As a new review of “alternative” equity indexing strategies advises, the possibilities now include some familiar and not-so-familiar choices, including, equal weighting, minimum-variance weighting, diversity weighting, fundamental weighting, and risk efficient indexing, to name a few.
Each vendor argues that it offers a superior indexing methodology, but it’s unlikely that all the claims are accurate. Every strategy can’t be above average. Nonetheless, it’s not always obvious which strategy is likely to work best and under what conditions. In fact, analyzing competing indexing methodologies is in its infancy as a research focus, suggesting that we all have much to learn in the years ahead as new benchmarks go live and sink or swim with the ultimate empirical test: real world investing with actual assets under management paying real-world fees and suffering real-world surprises and mistakes.
Meantime, what do we know so far? One is that if you compare all the various efforts (including actively managed funds) at beating a cap-weighted index over time, there’s likely to be a wide array of results with cap weighting more or less in the middle, perhaps slightly above average. That’s partly a function of cap-weighting’s inherently low transaction costs, which usually translate into a potent advantage over time vs. strategies designed to excel, which inevitably results in higher costs. Indeed, you can buy a simple cap-weighted U.S. equity index ETF for as low as six basis points these days in the retail market. It stands to reason that if your alternative indexing strategy charges 50 or 100 basis points, you’ve got a lot of ground to make up from the start.
Another reason cap weighting probably does about average to slightly above average is that market prices capture important information. The market’s not perfectly efficient, but neither is it hopelessly irrational, particularly over the long run. Accordingly, beating “the market” isn’t easy, which can be translated as: beating a cap-weighted index over time may be tougher than it appears in back tests.
That principle seems to apply to asset allocation strategies too. In a recent issue of The Beta Investment Report, I compared more than 900 multi-asset class mutual funds against the newsletter’s benchmark, the Global Market Index (GMI), which holds all the world’s major asset classes and weights them passively, i.e., by market value. For the 10 years through this past August, GMI earned a 3.4% annualized total return. That performance beat about 70% of the 900-plus multi-asset class funds that are more or less in competition with GMI, according to some number crunching using Morningstar Principia software.

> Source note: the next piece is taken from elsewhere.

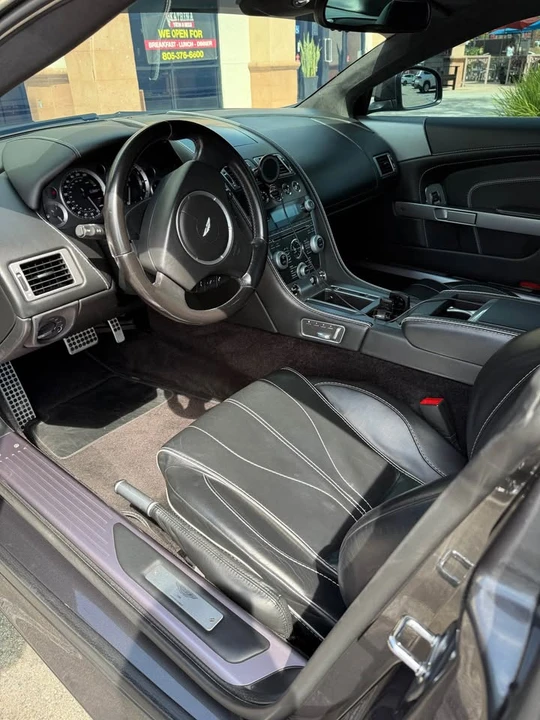 2015 Aston Martin DB9 - Image 2 of 17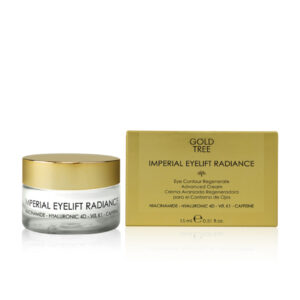 GOLD TREE IMPERIAL EYELIFT RADIANCE 15ml كولد تري كريم مضاد للتجاعيد لمنطقة حول العين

Another fairly established empirical fact is that some (most?) of what appears to be investment intelligence in equity land is related to investment style. The small-cap and value factors in particular have a history of beating the broad indices over time and these sources of additional risk premia are the likely sources for a fair amount of what’s considered superior investment skills. In fact, the new paper cited above (“A Survey of Alternative Equity Index Strategies,” by Tzee-man Chow, et al.) says as much:

In any case, the details matter. In a world where you can buy small-cap and value betas directly, and at a low cost, investors must decide if it’s worthwhile to pay more for owning small-cap and value factors indirectly via alternative indexing strategies. Given the expanding menu of possibilities on this front, which aren’t always intuitive, informed choices require some homework.
Indexing, in short, is getting more complicated. This arena was once the epitome of simplicity. No more. The bigger question is whether the increasing complication will translate into superior risk-adjusted returns for most investors. Stay tuned…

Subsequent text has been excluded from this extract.